Earlier this year it was revealed that Apple is using a new technique in iMessage to make the chat service more secure. BlastDoor ensures that the iPhone processes incoming messages in an extra safe environment. This prevents a malicious message from gaining traction over the rest of the operating system. It now appears that this system is not yet watertight, because at least iOS 14.6 appears to have a vulnerability. This makes the iPhone susceptible to spyware. It concerns the Pegasus spyware, which can read messages, emails and media.
Pegasus spyware in iOS 14.6 due to vulnerability iMessage
Amnesty International, among others, investigated the use of the spyware Pegasus of the Israeli company NSO Group. According to NSO, Pegasus is used to track criminals and terrorists, but Amnesty International, among others, obtained a list of 50,000 telephone numbers that may have been targeted by governments that use Pegasus. As a result, Amnesty decided to investigate dozens of phones and it turned out that 37 phones belonging to journalists and activists, among others, were infected or that attempts had been made to install the spyware Pegasus. Security researcher Bill Marczak discovered that this includes iPhones.
(1) @AmnestyTech saw an iOS 14.6 device hacked with a zero-click iMessage exploit to install Pegasus. We at @citizenlab also saw 14.6 device hacked with a zero-click iMessage exploit to install Pegasus. All this indicates that NSO Group can break into the latest iPhones.
— Bill Marczak (@billmarczak) July 18, 2021
This is a so-called zero-click exploit in iMessage in iOS 14.6, which allows spyware to be installed without user action (such as opening a link). So infecting iPhones is done via iMessage, but it is not entirely clear how many iPhones are affected. In any case, it is possible in iOS 14.6, the most recent iOS version at the time of writing. It is not yet known whether Apple is working on a solution.
It also indicates that Apple has a MAJOR blinking red five-alarm-fire problem with iMessage security that their BlastDoor Framework (introduced in iOS 14 to make zero-click exploitation more difficult) ain't solving.
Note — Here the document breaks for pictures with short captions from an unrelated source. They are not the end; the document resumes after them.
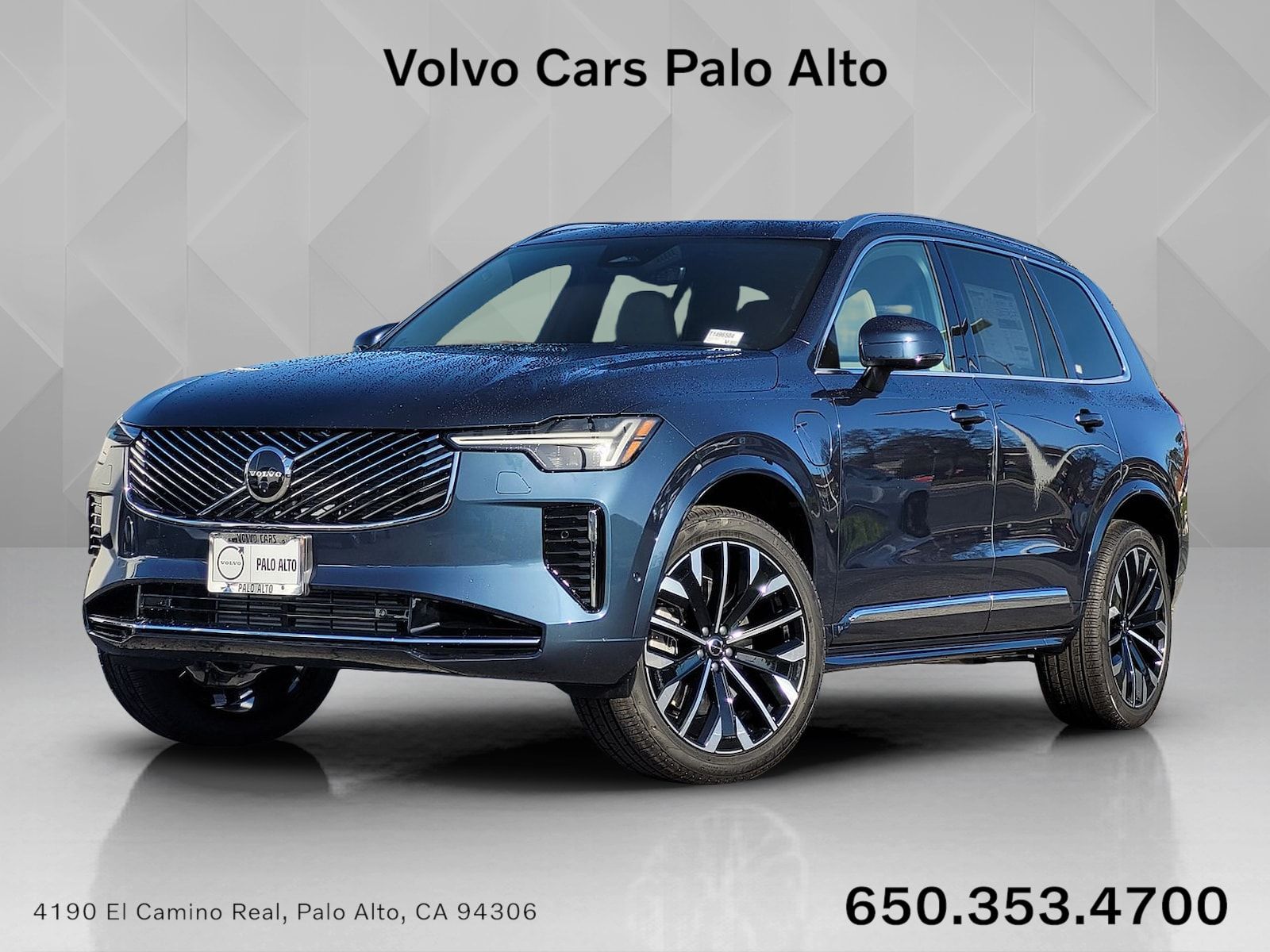 2026 Volvo XC90 T8 Recharge Plus Bright 7-Seat 4WD's photo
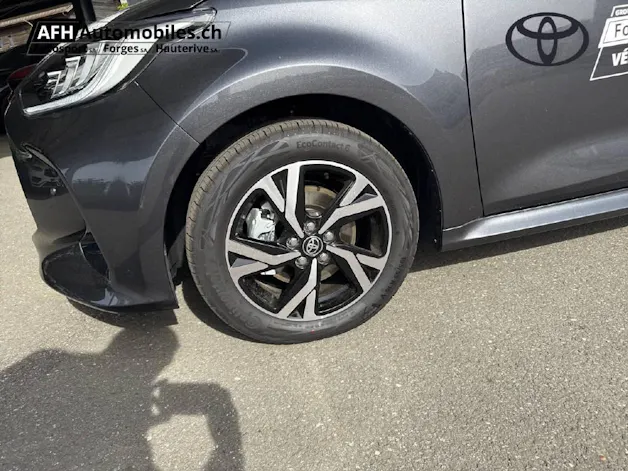 Toyota Yaris 1.5 VVT-i HSD Trend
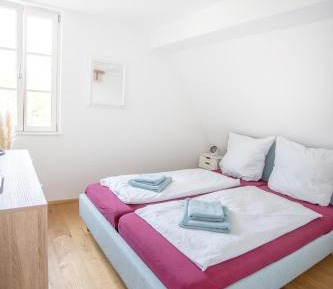 Double Room with Shared Bathroom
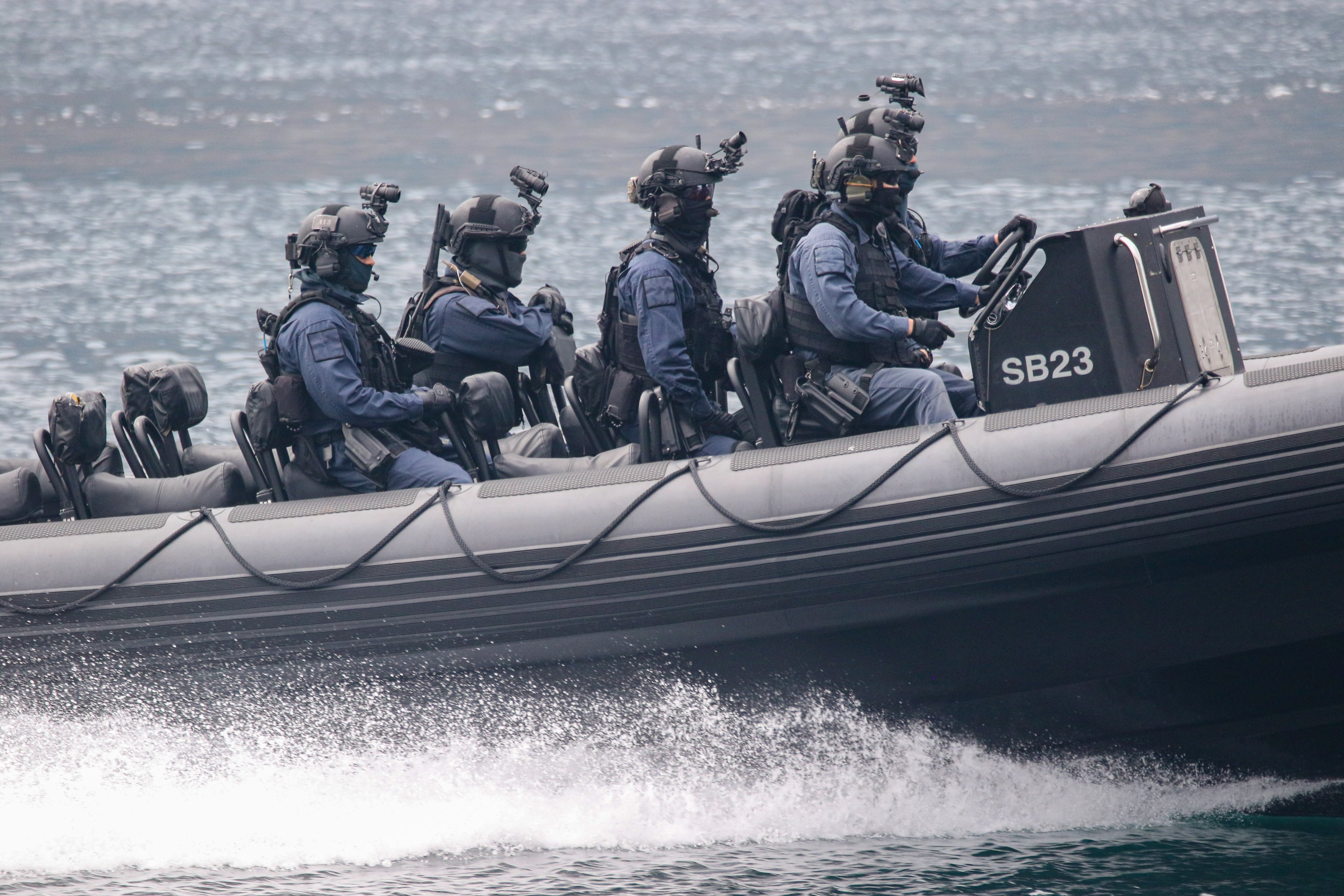 自衛隊 特別警備隊 チャレンジ NBu144＠11/3モデラーズダンジョン в X: „野戦でMP5持ってる。“ / X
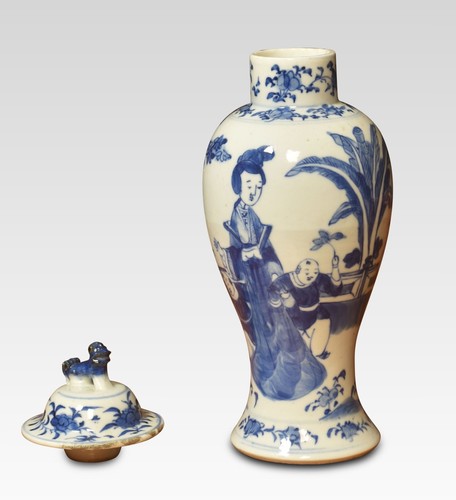 19th Century Chinese Blue and White Porcelain Vase | Painted Figures & Foliated - 第 3/6 張圖片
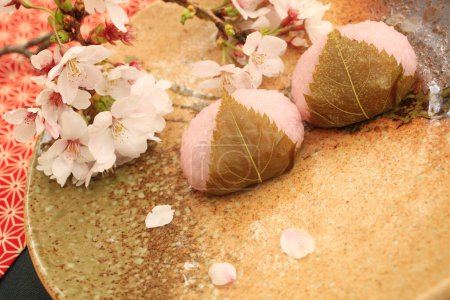 Téléchargez les photos : Dessert traditionnel japonais, gâteaux de riz cerisier - en image libre de droit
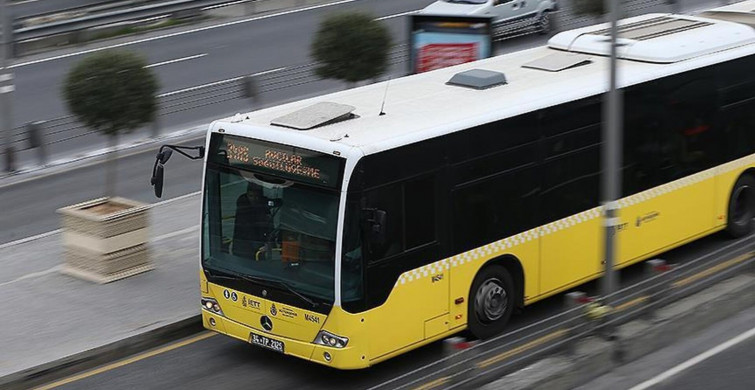İstanbul Küçükçekmece'de metrobüs yangını: Yolcular panik oldu!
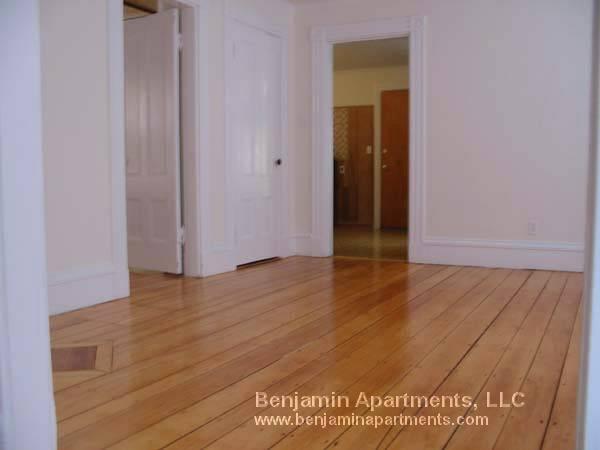 547 Broadway, South Medford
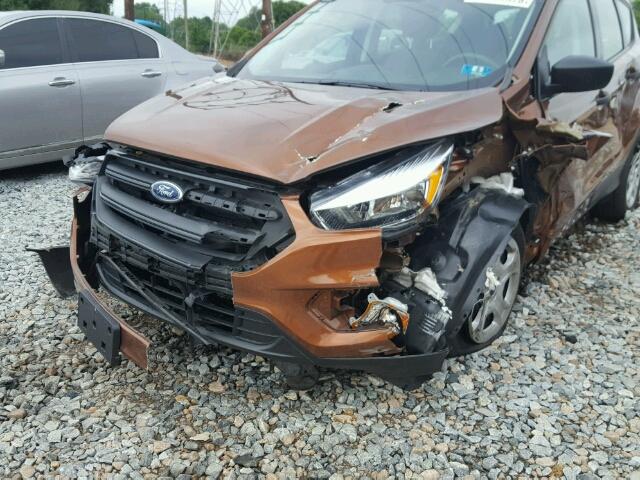 1FMCU0F71HUE68700 - 2017 FORD ESCAPE S ORANGE photo 9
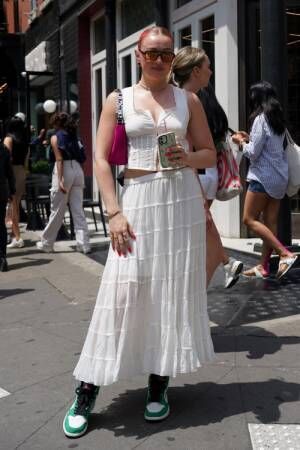 2022年夏のNYスナップ、最旬のサマードレスを着用したニューヨーカーにインタビュー「この夏どう過ごす?」【From cities 世界の都市に憧れて Vol.34】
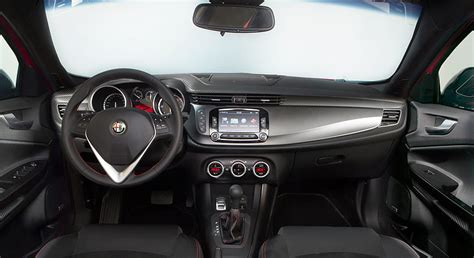 2015 Alfa Romeo Giulietta Sprint - Interior, car, HD wallpaper | Peakpx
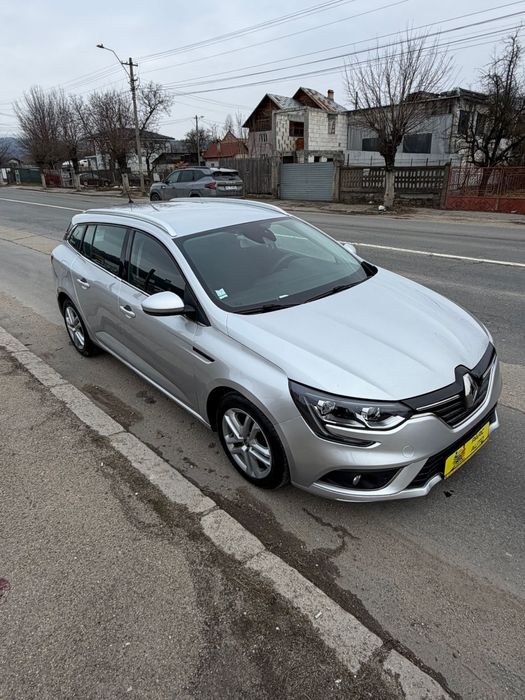 Megane 4 1.5 dci 2019 Plin COMBUSTIBIL+REVIZIE Filtre/Ulei GRATUITE //7499 EURO FIX//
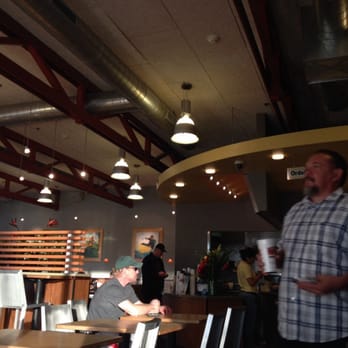 Habit Burger & Grill - Nice decor - Burgers Near Me - Pasadena, California Habit Burger & Grill - Nice decor - Burgers Near Me - Pasadena, California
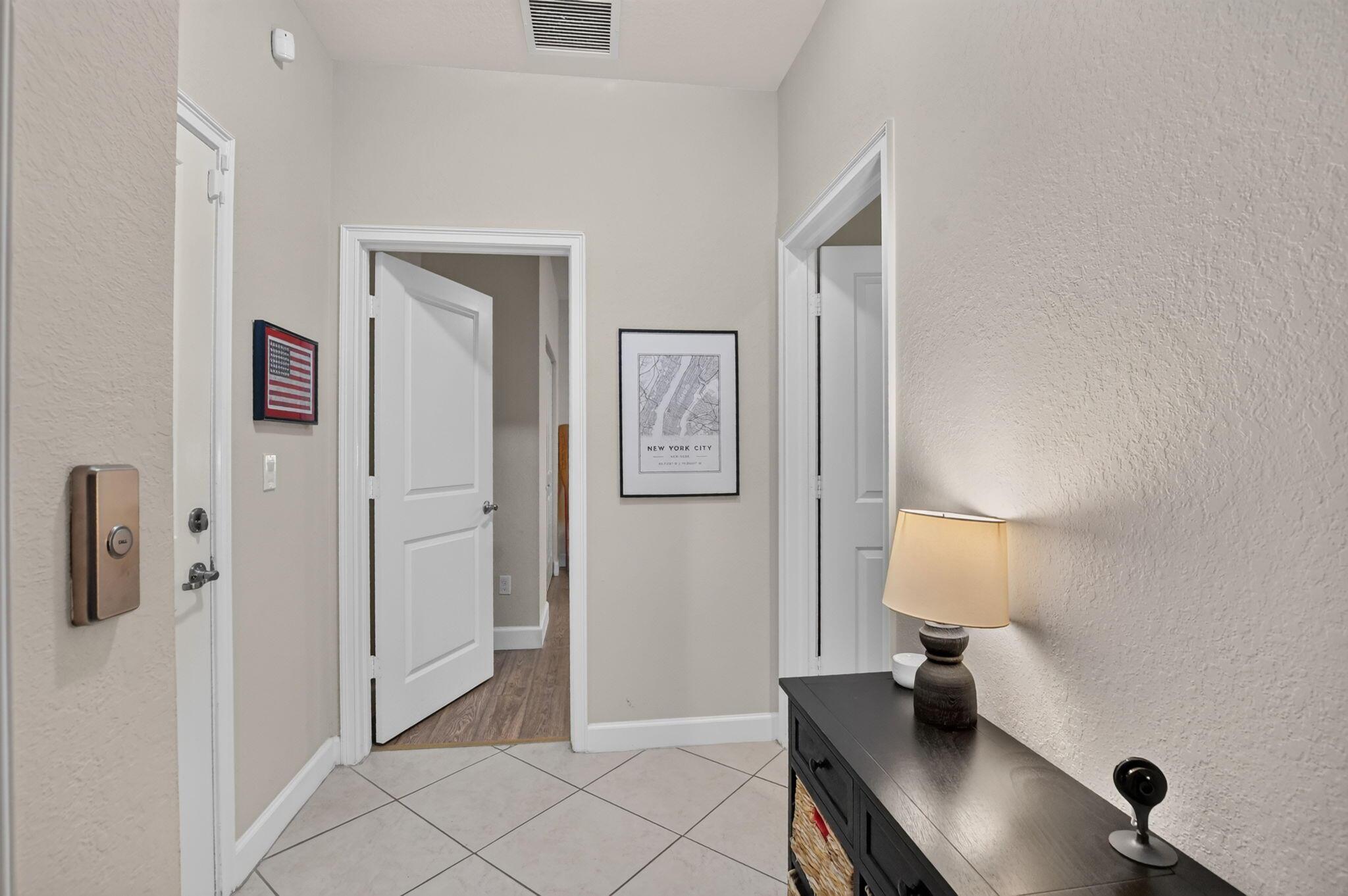27 NW Hawthorne Place, Boca Raton, FL 33432, Boca Raton - Photo 4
— Bill Marczak (@billmarczak) July 18, 2021
You can do this
Apple will soon release iOS 14.7, presumably this week. There is certainly a chance that Apple will fix the vulnerability in this version. Apple may also choose to release iOS 14.7.1 soon, if more time is needed to plug the leak. The chance that your iPhone will be affected seems very small. The Pegasus spyware is mainly used on (international) journalists and people who are in the crosshairs of governments. But nevertheless, it's important that iPhones are secure. Although NSO Group claims that Pegasus is only used to track criminals and terrorists, it can also be misused to track innocent people. So it's important to keep your iPhone and other devices up to date with the latest software updates. Apple regularly fixes security vulnerabilities. As soon as an update is ready for your iPhone, you will of course read it on iCulture.
In the past, Pegasus was also used on iPhones, but then closed the leak in an iOS update.